Записав эти строки, перечислив дороги, ведущие на север и северо-запад, в Бахрейн и Аравию, Хоробрит не вспомнил о Иерусалиме, где можно встретить русских паломников и с ними вернуться на родину. Но запамятовал он Иерусалим не по оплошности. Душа противилась встрече с людьми, сохранившими православие в первозданности, слишком много за годы пребывания на чужбине он увидел, услышал, узнал, передумал, и ему любая вера, кроме той, что была завещана пращурами, которую олицетворял волхв, стала казаться притворной. Хоробриту привиделся в углу каморки волхв, как бы желавший напомнить о себе, о своей исступлённой надежде в животворящую силу родной земли, о бережении духов родного леса и воды — хранителей родины. Вера волхва — вера пращуров. Неужели они жили не по истине? Не знали истинного Бога? Но если, как учит пророк Кабир, Бог — в сердце каждого смертного, значит, он во всём сущем, к чему человек относится с любовью, — в каждой былинке, в каждой капле росы, в каждом цветке. Поклоняясь дубу, разве пращуры поклонялись не Богу?

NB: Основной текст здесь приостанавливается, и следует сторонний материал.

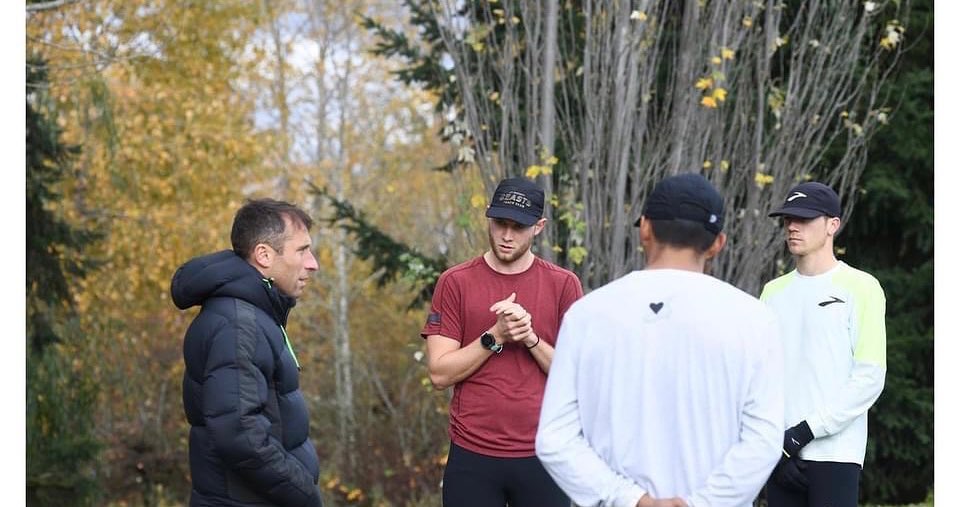 RunBlogRun's tweet photo. Appreciating the coach-athlete relationship, from RBR Archives, https://t.co/VjTRsVtZWJ , #DannyMackey, #JoshKerr, #Brooksrunning, #Brooks, #coach, #athlete, #Project222, #BrooksbeastsTC, #themile, #EmsleyCarrmile, #athleticsweekly, #scottishathletics, #europeanathletics, #LondonDiamondLeague,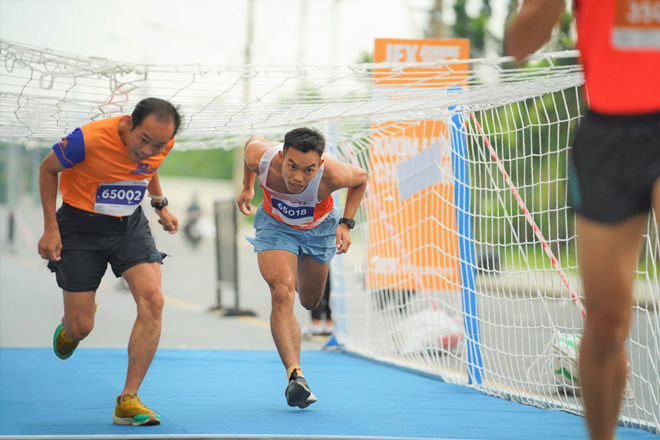 Tại giải chạy JEX Running, runner phải vượt qua nhiều chướng ngại vật thú vị trên đường chạy.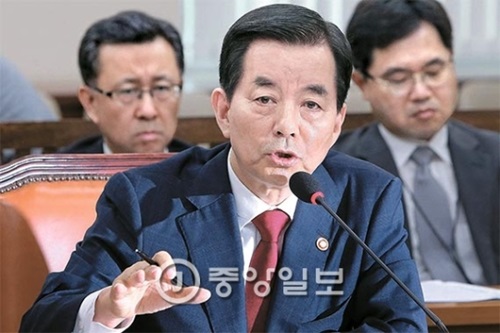 韓民求国防部長官は１１日、国会国防委員会に出席し、ＴＨＡＡＤ配備に関する懸案報告で「７月初めに（ＴＨＡＡＤを）配備ができるという内部の検討を終えた」と述べた。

И Хоробрит записал первыми всплывающими в его памяти словами мысль, показавшуюся ему крайне важной.

«Маметь дени иариа. А расть дени худо донот (Мухаммедова вера им годится. А правую веру Бог ведает). А праваа вЂра Бога единаго знати и имя его призывати на всяком мЂсте чисте чисто».

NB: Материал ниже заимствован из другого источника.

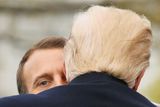 Macron ještě využil toho, že Trumpa pevně svírá, a amerického prezidenta si přitáhl k polibku.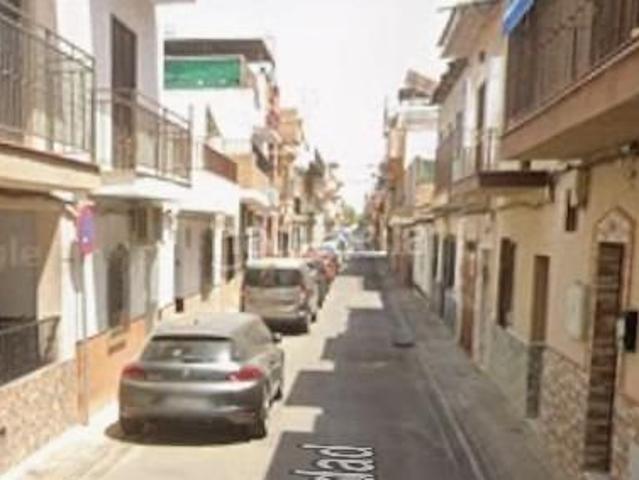 Casa adosada en venta en Sevilla, Palmete. VIVIENDA OCUPADA A LA VENTA EN PALMETE. Casas adosadas.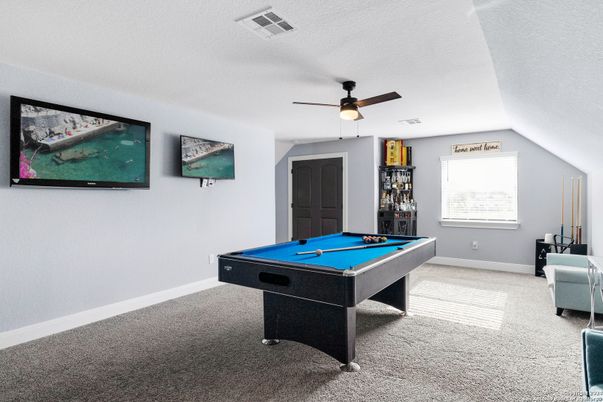Billiard Table, Game Room, Interior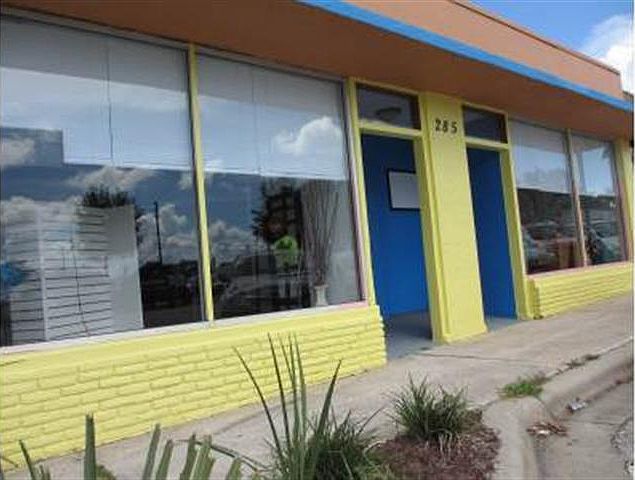 1st image of 285 E Interlake Blvd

Он долго сидел за столом, обхватив обильно седеющую голову мозолистыми от рукояти меча ладонями. Господи Боже мой! На тебя уповаю, спаси меня, Господи! Молил — и не верил, что кто-то ему поможет, кроме родного дуба на поляне, где под замшелыми валунами скрыты родники с живой и мёртвой водой.

Боже, Боже, слаб человек и подвержен сомнениям, немощному ли духу противостоять искусительному разнообразию мира? Велики соблазны, но не столь велики силы, чтобы бороться с ними. Оттого и душа плачет.

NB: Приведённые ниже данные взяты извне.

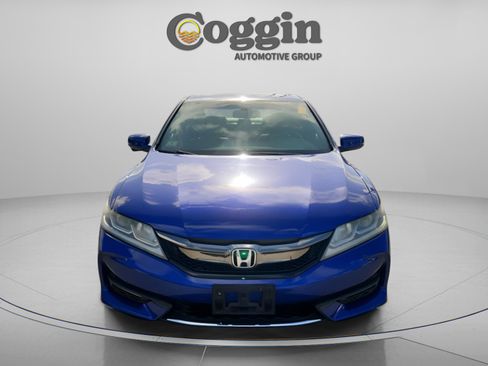 Used 2017 Honda Accord EX-L image 9
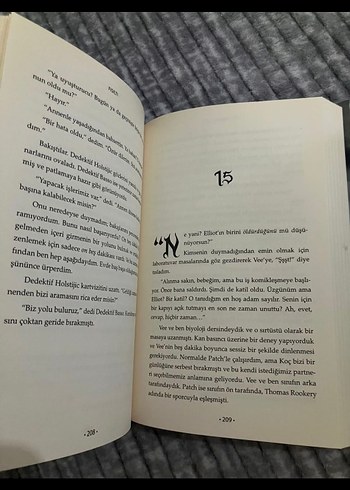  Beden Renk Hush Hush Serisi 4 Kitap Seti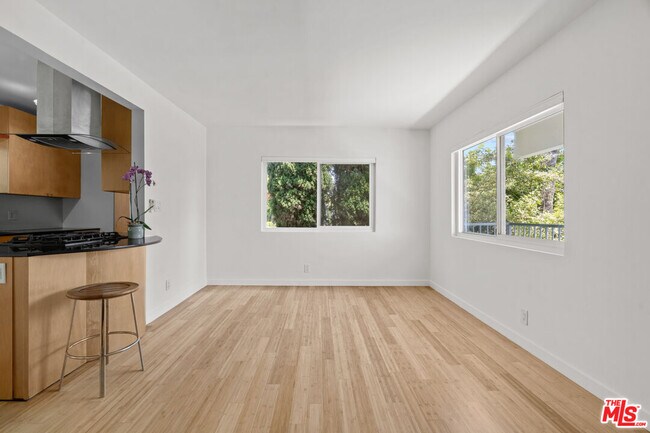 Building Photo - 631 Pier Ave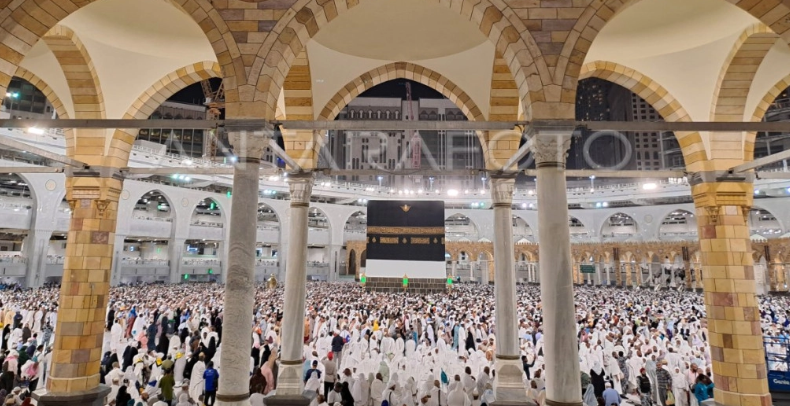 Umrah Hanya untuk Warga Saudi, Jemaah Internasional Wajib Keluar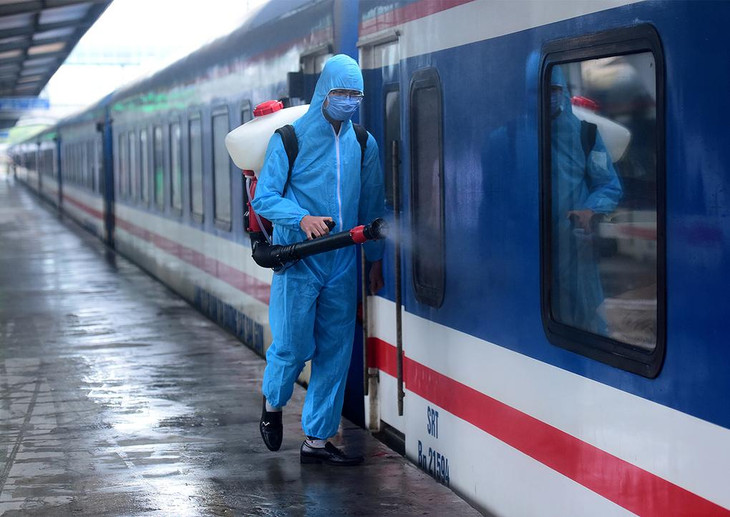 Khử khuẩn đoàn tàu tại ga Hà Nội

Ночь — обитель грехов и сомнений. Но наступало утро, и Хоробрит вновь был твёрд душой. Прежде чем покинуть Бидар, следовало помочь Вараручи. Стыдно не отблагодарить друзей-индусов, людей мечтательных, с чистой и робкой душой, помогавших ему в трудную минуту. Они негодовали на Малика Хасана, но никогда бы не решились причинить ему зло. Но над душой Хоробрита не властвовали законы Ману, а справедливость он понимал как борьбу, а не как покорность. Да и велик ли грех отнять неправедно нажитое?

Ещё до отъезда визиря Вараручи показал русичу план дворца, начертив его на стене углём. А когда Хоробрит запомнил чертёж, немедленно стёр.

Двухэтажный дворец имел больше пятидесяти жилых и хозяйственных помещений. Ограда в две сажени изнутри оплетена колючими растениями. Во дворе — конюшни, казарма, склады, кухня, соединённая крытым переходом с трапезной. По словам Вараручи, бывали дни, когда за обедом у визиря присутствовало до пятисот человек. Второй этаж, где размещались женские покои, спальни, курительные комнаты и другие помещения, не интересовал Хоробрита. На первом этаже устроены зимние сады. Из приёмного зала — дверь в комнату для отдыха, так называемую диванную. За ней потаённый коридор ведёт на лестницу подвала. В отсутствие Малика Хасана десять воинов охраняют зал. Проникнуть в потайной коридор можно только из диванной. Как открывается ведущая в него дверь, не знает никто, кроме визиря. В ней скрыт какой-то секрет. Окна из приёмного зала выходят в зимние сады. Это Хоробрит уже видел.

— Ты могучий вони, Афанасий, — сказал Вараручи. — Но никто из нас не хочет, чтобы ты жертвовал своей жизнью. Слуги тебе ничем помочь не смогут, а воинов невозможно подкупить! Тебе не пробиться сквозь охрану. Но если даже и сумеешь, как откроешь дверь в подвал? Ты же не знаешь секрета её.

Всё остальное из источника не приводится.